STORY: "Reducing inflation is likely to require a sustained period of below-trend growth."
Federal Reserve Chair Jerome Powell, in hotly anticipated remarks on Friday, warned of slower economic growth and pain ahead for American households, saying the U.S. economy will need more constrictive monetary policy "for some time" before inflation comes under control.
"While higher interest rates, slower growth and softer labor market conditions will bring down inflation, they will also bring some pain to households and businesses. These are the unfortunate costs of reducing inflation. But a failure to restore price stability would mean far greater pain."
The prepared remarks at the annual Jackson Hole central banking conference in Wyoming pushed U.S. stocks sharply lower as the speech suggested the central bank will keep raising interest rates to tame inflation, which is currently more than three times the Fed’s 2% target.
Fed policymakers have said they need to curb demand for goods and services by raising borrowing costs and making it more costly to finance homes, cars and business investments. As the process begins to sting, particularly in the housing market, companies may adjust their hiring plans or even resort to layoffs.

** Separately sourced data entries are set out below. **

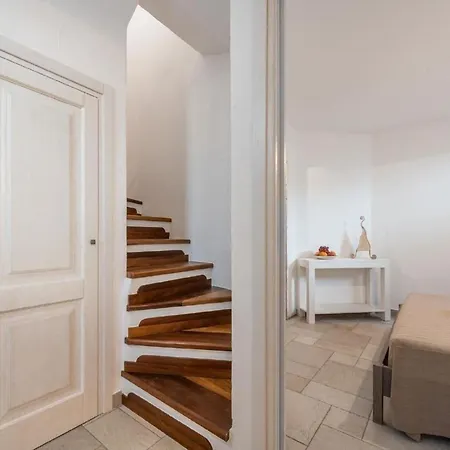 Ferienwohnung In Mit Grosser Terrasse Cala Gonone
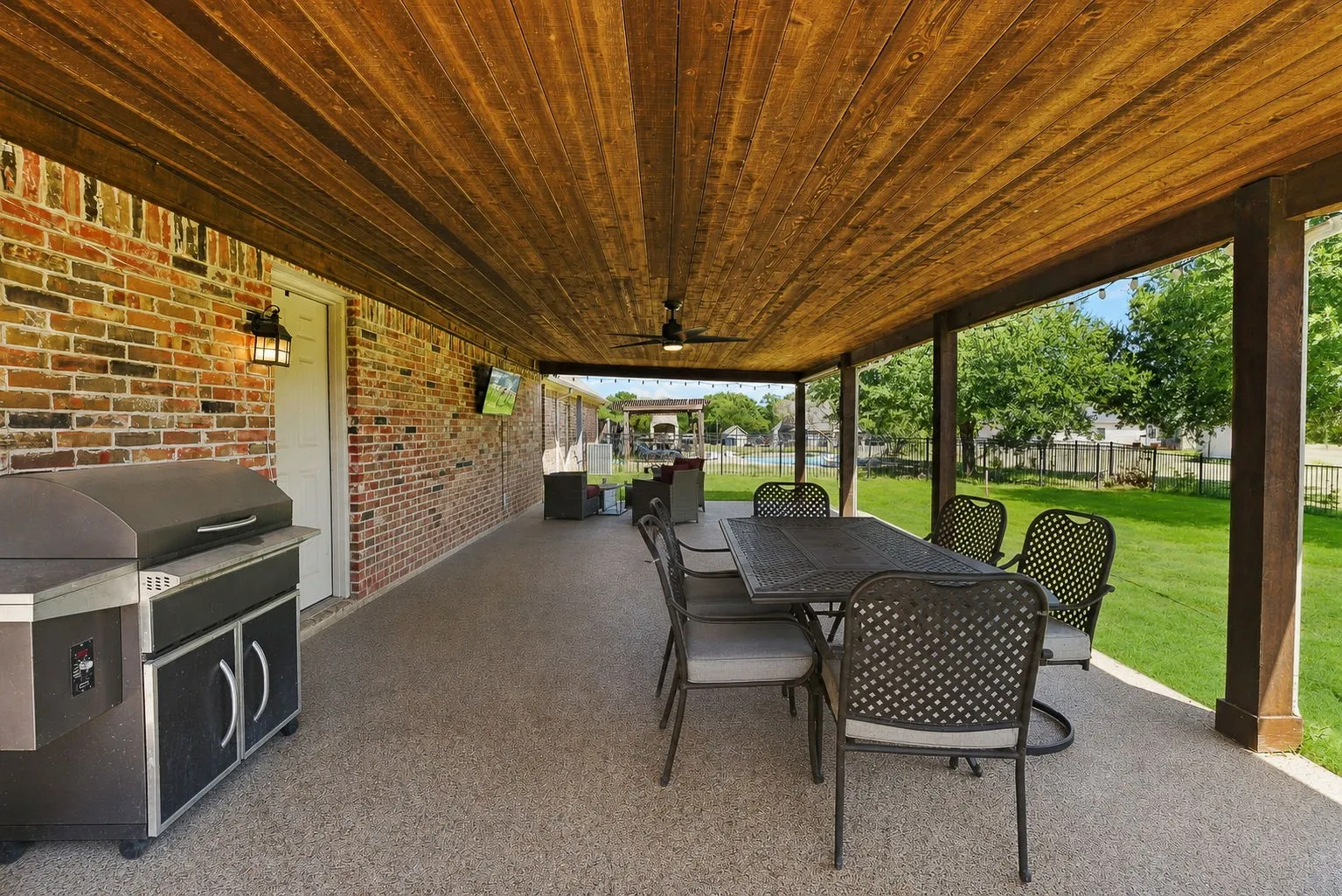 Single Family Residence For Sale in Grayson County , 2474 Mc Connell Road, Gunter, Texas 75058, 3 Bedroom, 3 Bathroom, 3 Garage spaces, 3,191 Sqft, built in 2003, mls#21350763, Real Estate Agent in Gunter, Homes For Sale in Grayson county, Homes For Sale in Gunter, Realtor in Gunter Texas, Real Estate Brokerage Independent Realty Texas, Luminita Cordes Realtor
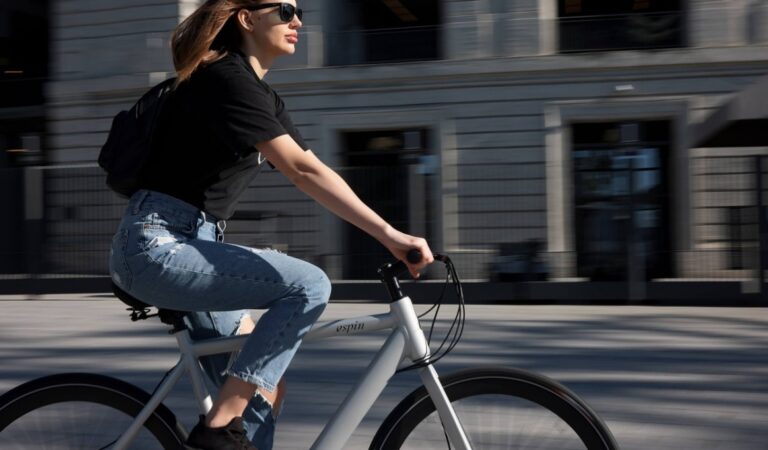 Odnowiona infrastruktura drogowa na ulicy XVI Pułku Piechoty zwiększa bezpieczeństwo pieszych i rowerzystów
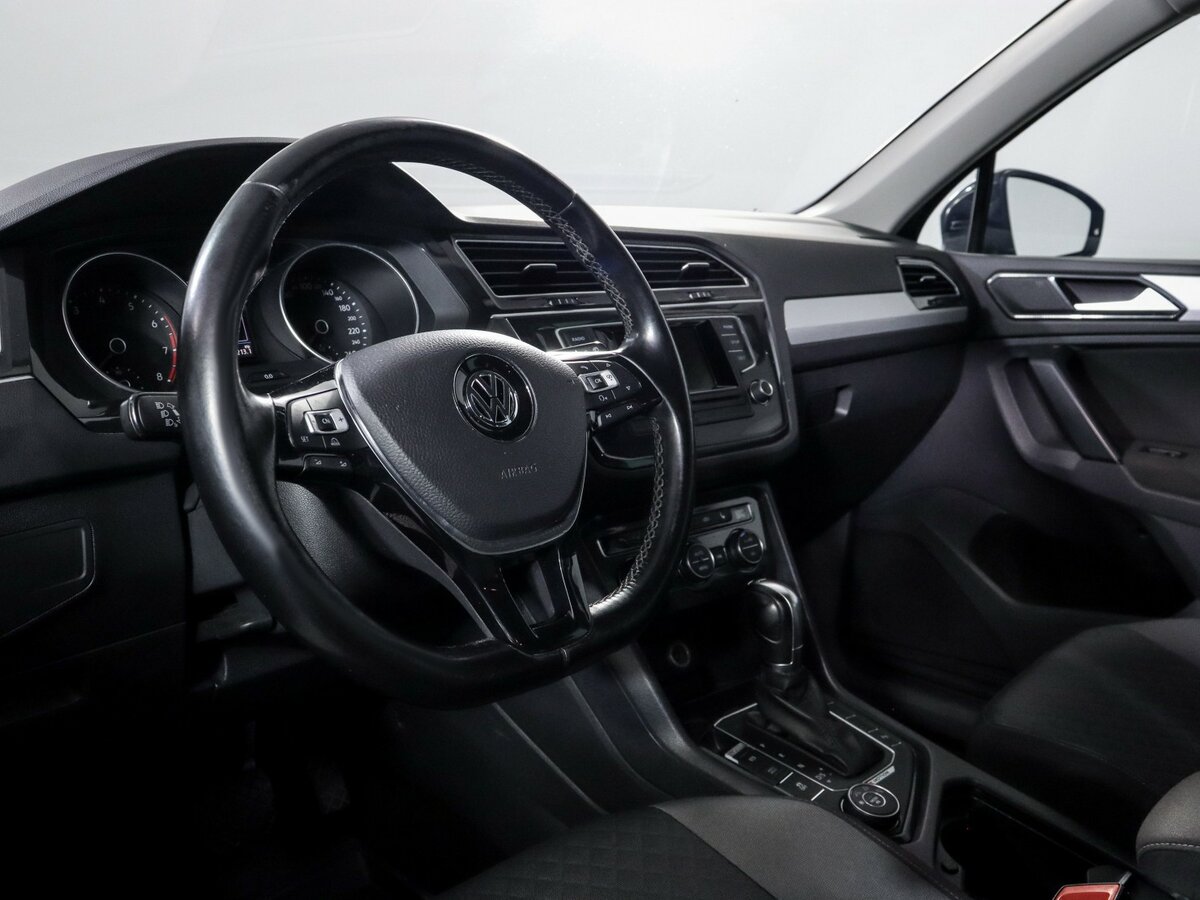 Купить Volkswagen Tiguan, 2017, 137 370 км.. Фото: #10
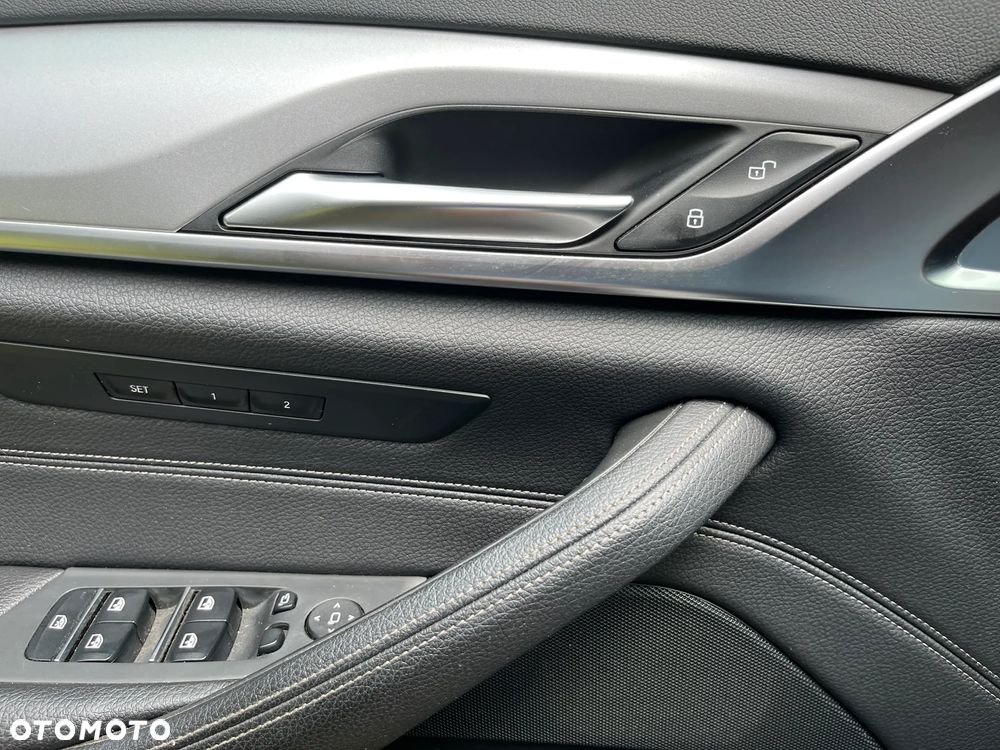 BMW Seria 5 530i Touring - 22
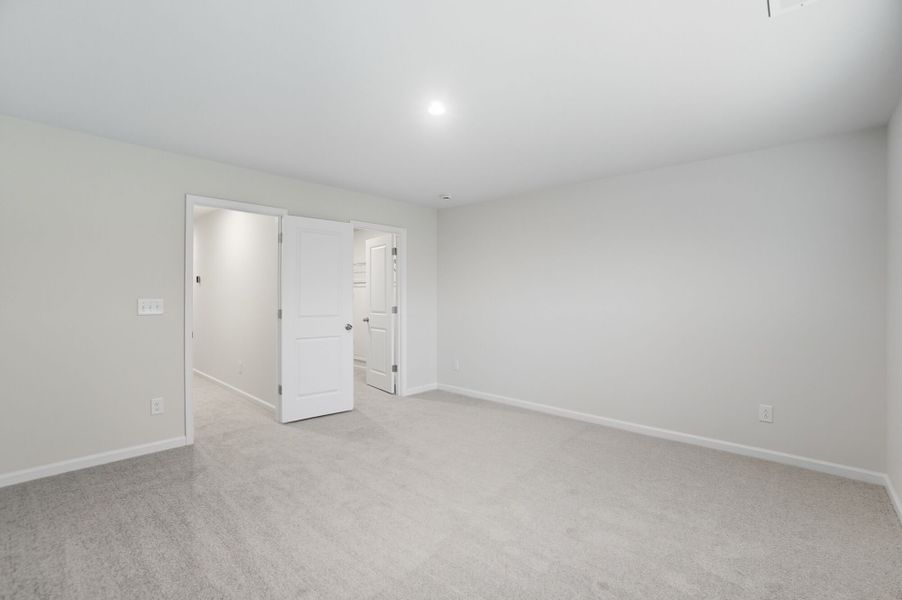 Spacious, unfurnished interior of a new home in Waxhaw Landing, Monroe (Image 26).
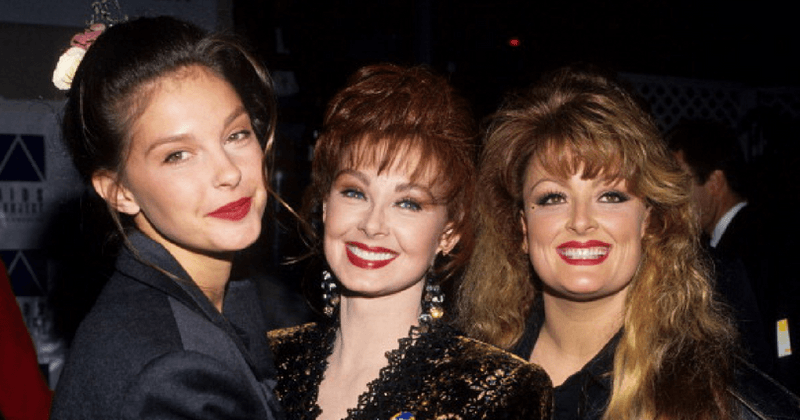 Wynonna & Ashley Judd: A Family Docuseries Reveals Untold Stories Wynonna & Ashley Judd: A Family Docuseries Reveals Untold Stories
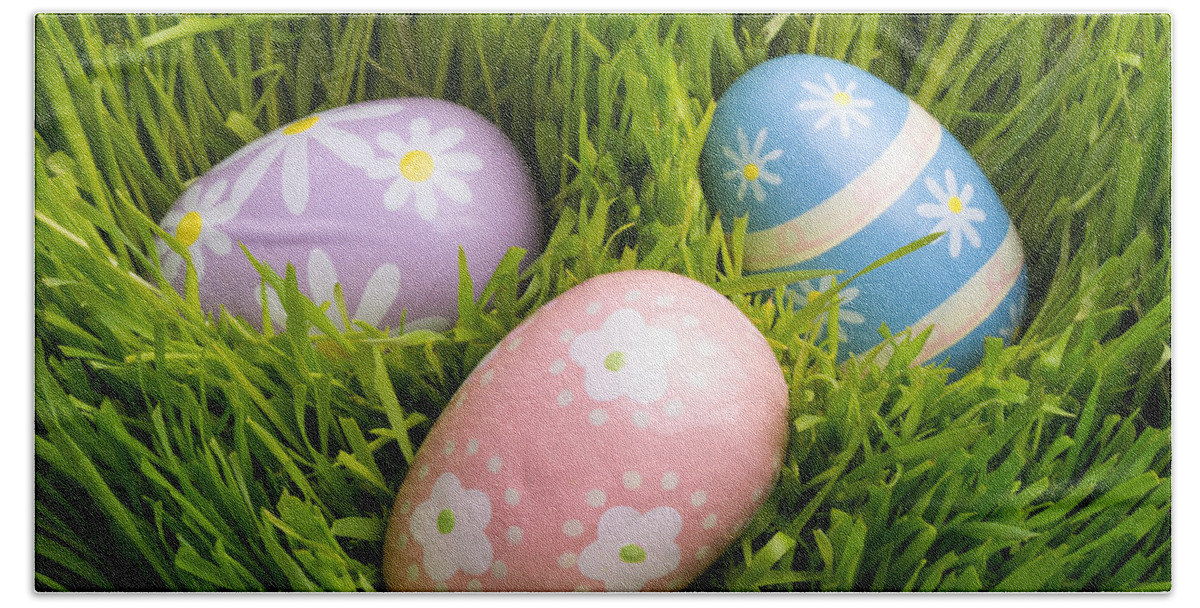 Grass Bath Towel featuring the photograph Easter Eggs in the grass by Edward Fielding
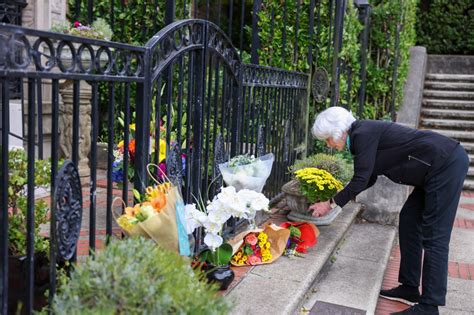 San Francisco neighbors pay tribute to Dianne Feinstein along city’s iconic Lyon Street Steps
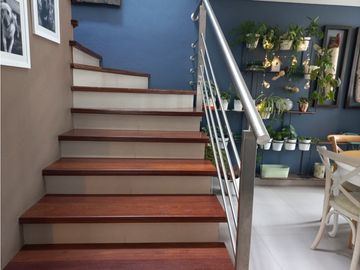 Venta casa de 230 m2 en conjunto cerrado en el Retiro.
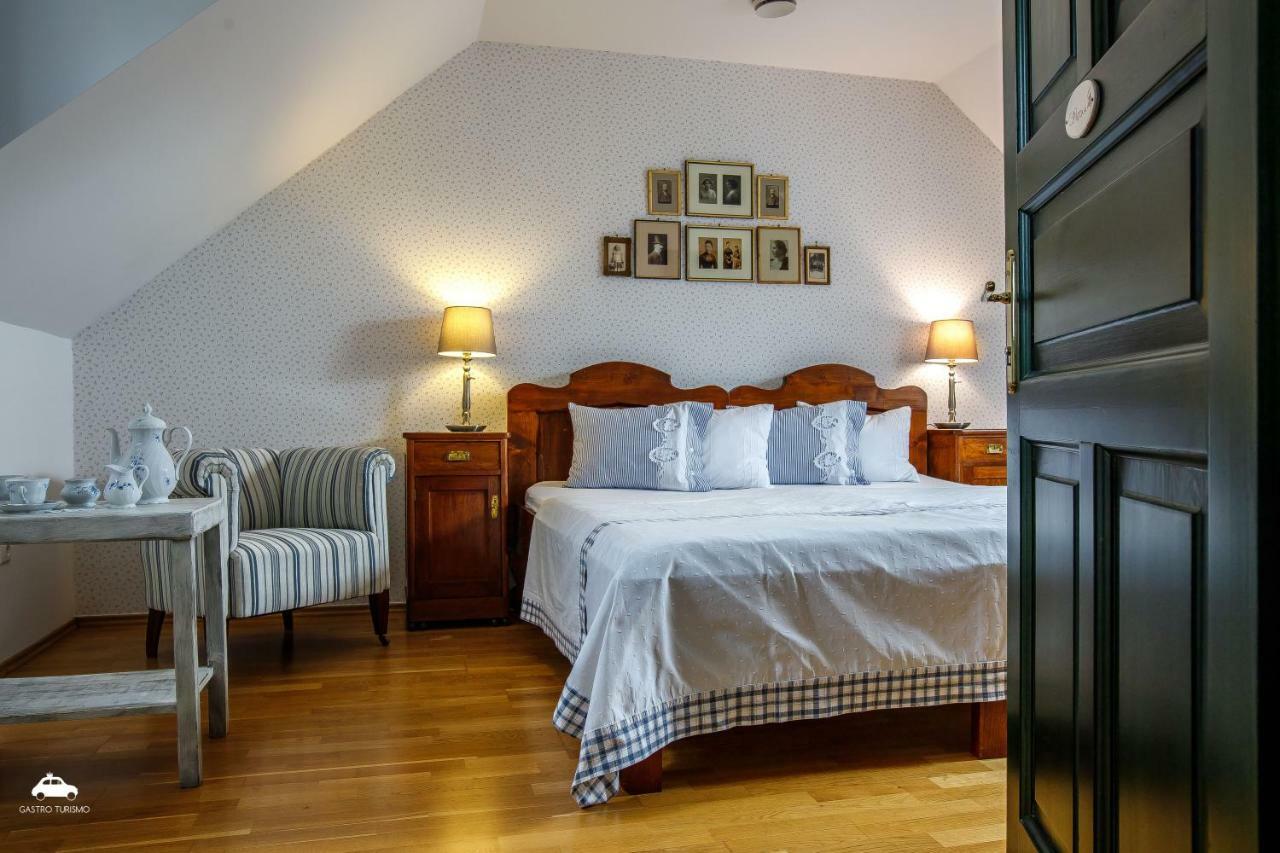Kosbor Panzio Bed & Breakfast Magyarszombatfa Exterior photo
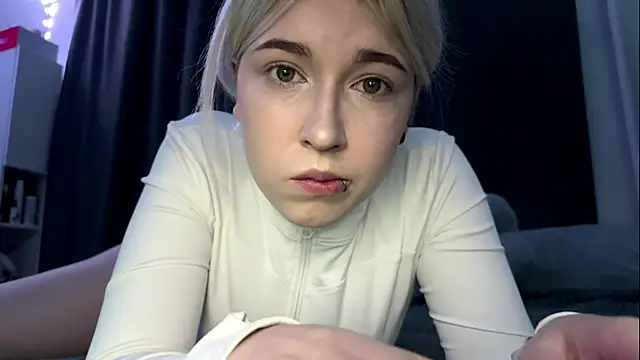 Snapshot of SexBIonde chatting on 11-14-25, 03:22 SexBIonde online show from 11-14-25, 03:22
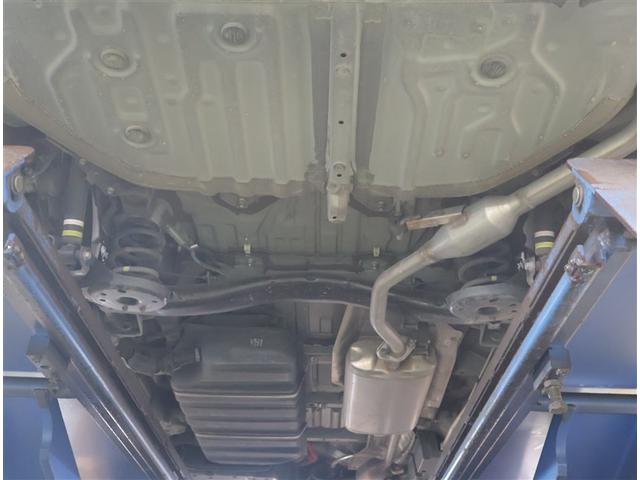 ヴォクシー ハイブリッドＳ－Ｚ　両側Ｐドア　カーテンエアバック　スマキ　プリクラッシュセーフティシステム　Ｗエアコン　Ｒカメラ　ＤＶＤプレーヤー　地デジ　アルミ　１００Ｖ　クルーズコントロール　横滑り防止機能　ＬＥＤランプ　ナビＴＶ（22枚目）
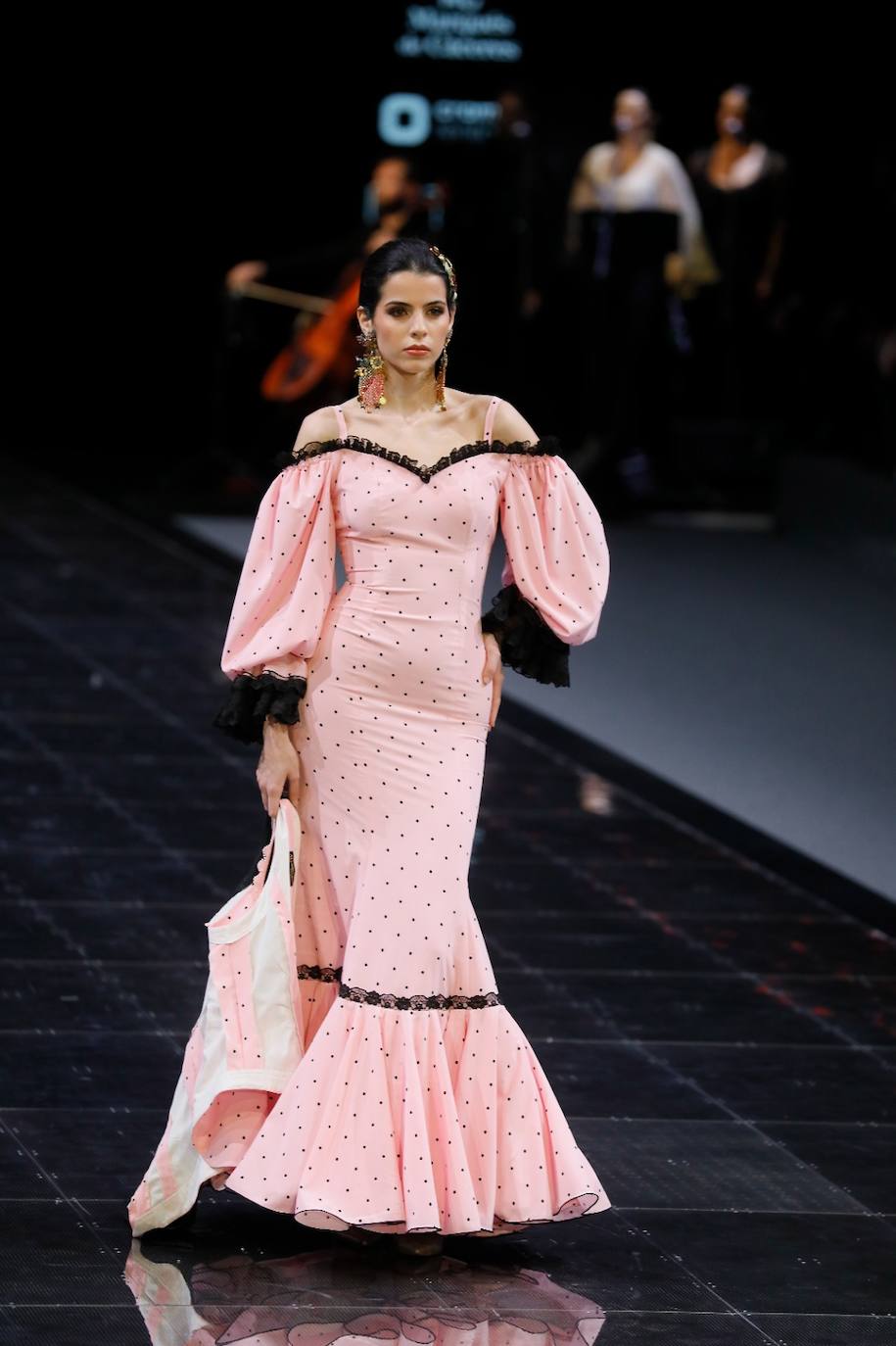 El desfile de Aurora Gaviño en SIMOF 2024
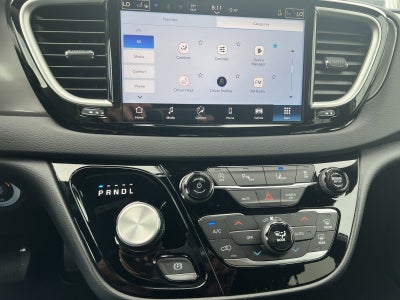 2026 Chrysler Voyager VOYAGER LX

Powell also said people should not expect the Fed to dial back quickly until the inflation problem is fixed and some policymakers have indicated that even a recession would not dissuade them from fixing it.
"We must keep at it until the job is done."
Powell did not hint at what the Fed might do at its upcoming September meeting but officials are expected to approve either a 50-basis-point or 75-basis-point rate increase.